▸ **Given entries**
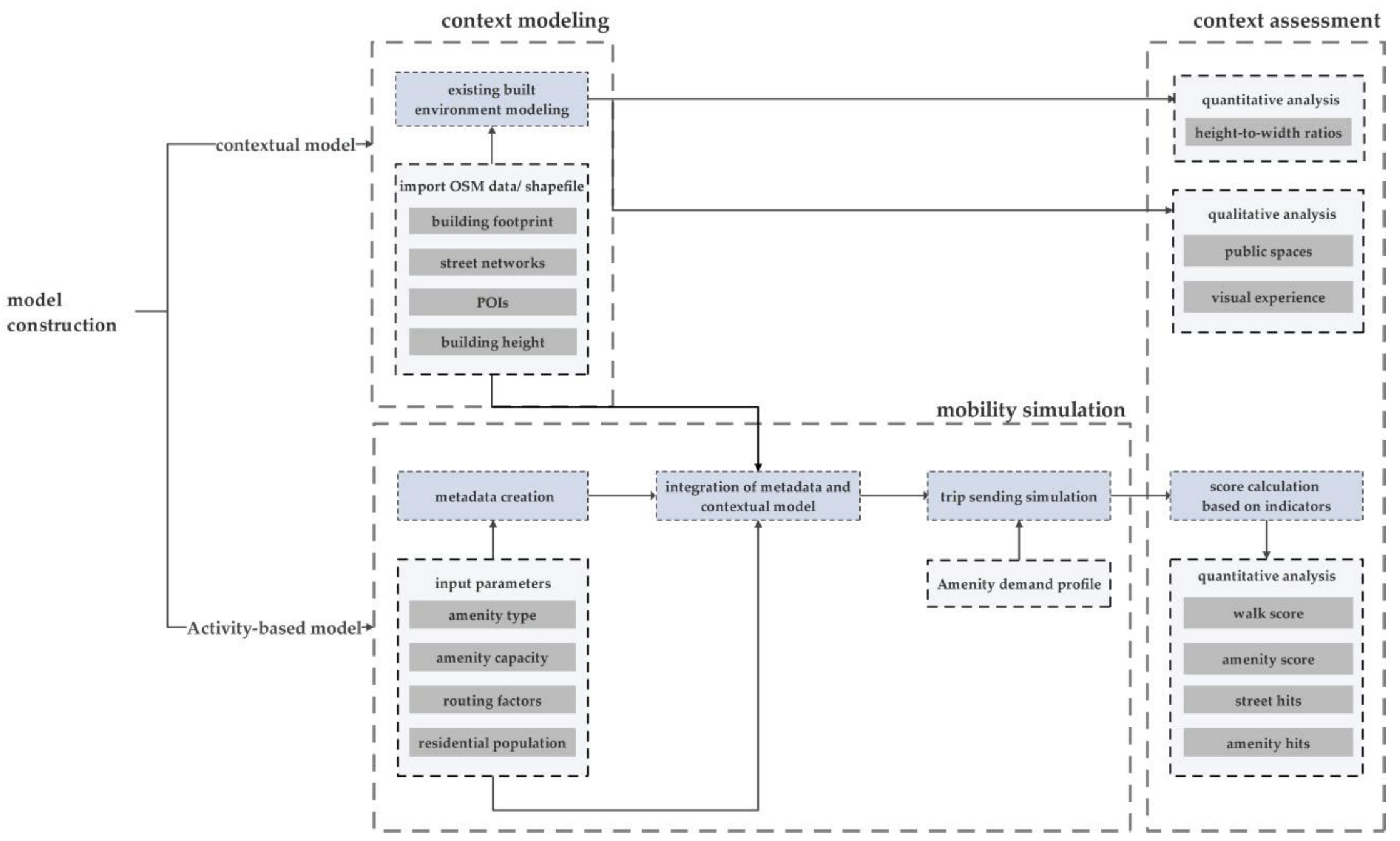 https://www.mdpi.com/buildings/buildings-12-01971/article_deploy/html/images/buildings-12-01971-g001.png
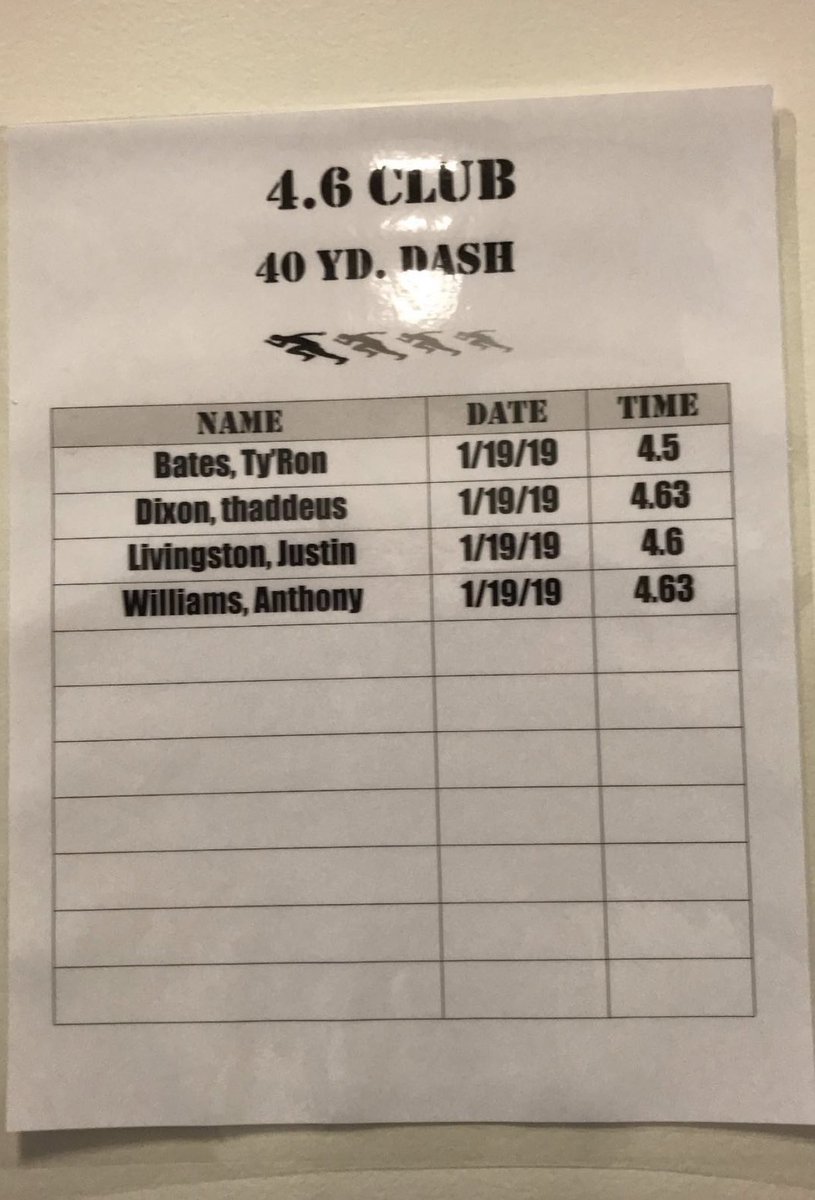 Tyron Bates tweet media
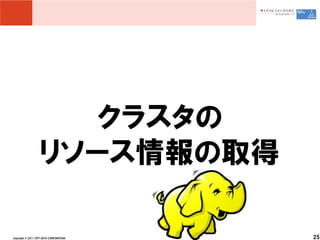 クラスタの
                  リソース情報の取得

Copyright © 2011 NTT DATA CORPORATION   25
 
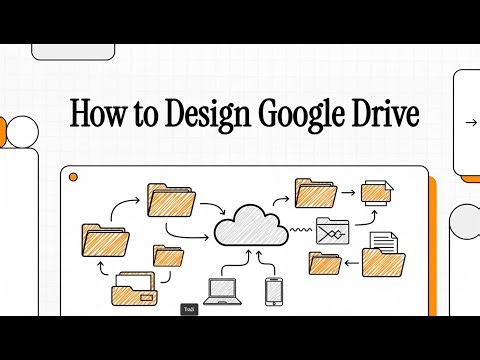 How to Design Google Drive / Dropbox - Interview Preparation
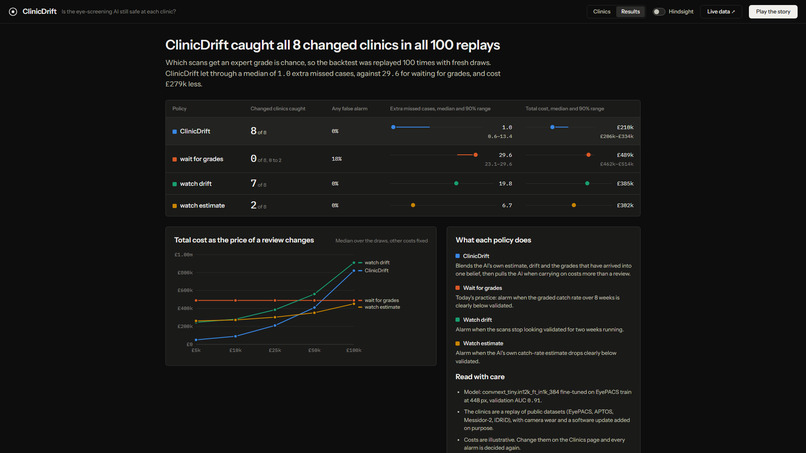 ClincDrift – screenshot 3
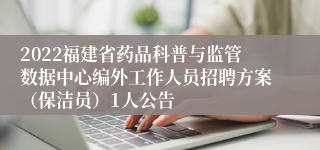 2022福建省药品科普与监管数据中心编外工作人员招聘方案（保洁员）1人公告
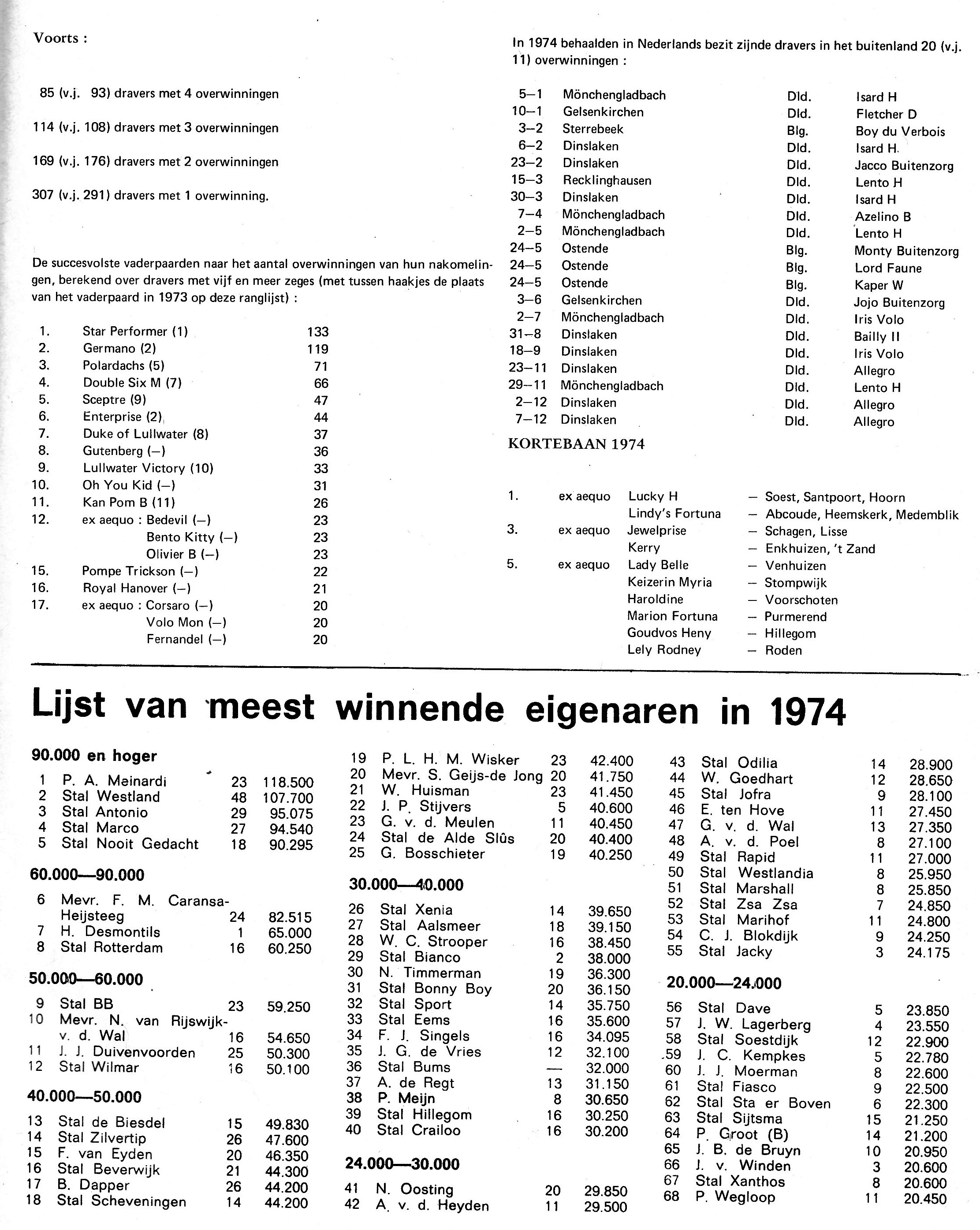 9 Jan 75 2.jpg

▸ **Work instructions**
When a picture appears in the material, please pass over it while retyping the rest exactly.

▸ **Result**
 https://www.mdpi.com/buildings/buildings-12-01971/article_deploy/html/images/buildings-12-01971-g001.png
 Tyron Bates tweet media
 クラスタの
                  リソース情報の取得

Copyright © 2011 NTT DATA CORPORATION   25
 
 How to Design Google Drive / Dropbox - Interview Preparation
 ClincDrift – screenshot 3
 2022福建省药品科普与监管数据中心编外工作人员招聘方案（保洁员）1人公告
 9 Jan 75 2.jpg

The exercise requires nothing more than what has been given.